■ **STORED DATA**:
==============================

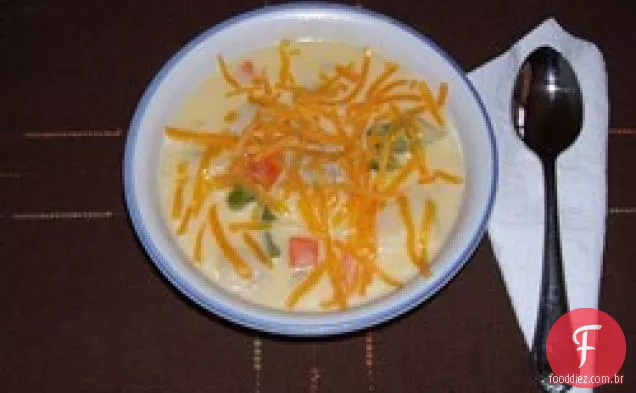 Sopa de bagre com queijo
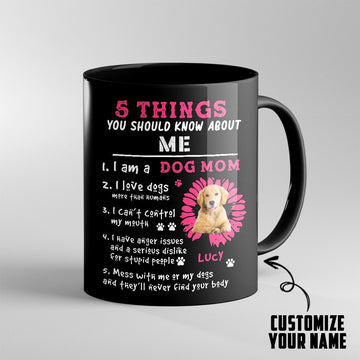 Gearhumans 3D I Am A Dog Mom Golden Retriever Custom Name Mug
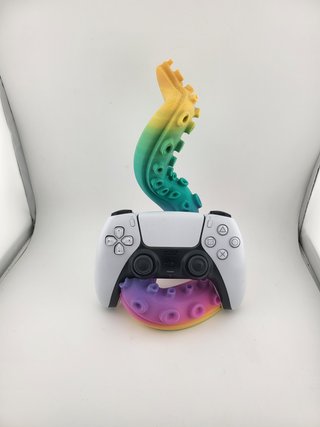 Soporte Mando Cascos PS5 Tentaculo Kraken Stand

==============================

■ **WHAT IS BEING ASKED**:
Reproduce all of the data exactly, omitting each picture it holds.

■ **REPLY**:
 Sopa de bagre com queijo
 Gearhumans 3D I Am A Dog Mom Golden Retriever Custom Name Mug
 Soporte Mando Cascos PS5 Tentaculo Kraken Stand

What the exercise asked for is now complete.